Issue #54 – Pivot-based Transfer Learning for Neural MT

NMT Issue 54 Pivot based transfer learning for NMT

Issue #54 – Pivot-based Transfer Learning for Neural MT

Author: Dr. Rohit Gupta, Sr. Machine Translation Scientist @ Iconic

Pivot-based Transfer Learning for Neural MT between Non-English Languages

Neural MT for many non-English languages is still a challenge because of the unavailability of direct parallel data between these languages. In general, translation between non-English languages, e.g. French to German, is usually done with pivoting through English, i.e., translating French (source) input to English (pivot) and English (pivot) into German. However, pivoting requires doubled decoding time and the translation errors are propagated or expanded via the two-step process.

One approach to build such a direct system is to train a multilingual engine involving all three languages. In this blog post, we will have a look at pivot based transfer learning with pre-training, a recently proposed approach by Kim et al. (2019), which performed better compared to the multilingual model training. 

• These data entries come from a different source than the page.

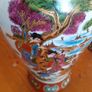 Chinese Vases. Image 7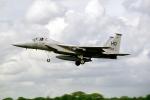HO-119, McDonnell Douglas F-15 Eagle, USAF, MYFV21P04_05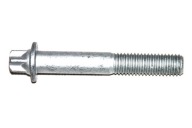 Torx varžtas BMW · 07129904681 – nuotrauka 1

Pivot Based Transfer Learning

  1. Pre-train a source-pivot model with a source-pivot parallel corpus and a pivot-target model with a pivot-target parallel corpus.
  2. Initialize the source-target model with the source encoder from the pre-trained source-pivot model and the target decoder from the pre-trained pivot-target model.
  3. Continue the training with a source-target parallel corpus.

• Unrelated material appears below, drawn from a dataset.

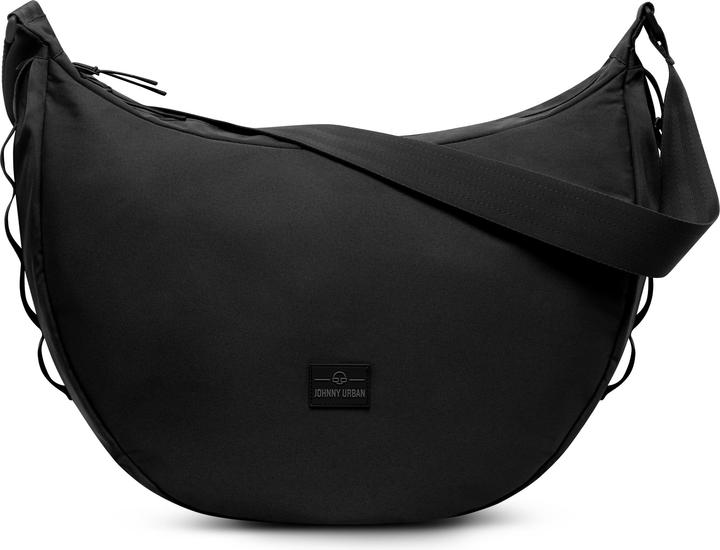 Produktbild Johnny Urban Half Moon Bag Ally Large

In this plain transfer approach, we can see that two models, source-pivot and pivot-target, are in two different mathematical spaces. The source encoder is trained to be used by a pivot decoder, while the target decoder is trained to use the outputs of a pivot encoder. Therefore, the authors propose three methods to increase the relation among source, pivot, and target languages in the pre-training. 

1 – Step wise pre-training of a single model for different language pairs

In this method, they train a single NMT model for source-pivot and pivot-target in two consecutive steps. In step 1, they train a source-pivot model with source-pivot parallel corpus and in step 2, they continue training with a pivot-target parallel corpus, while freezing the encoder parameters of step 1. In this way,  the encoder is still modelling the source language although we train the NMT model from pivot to target. 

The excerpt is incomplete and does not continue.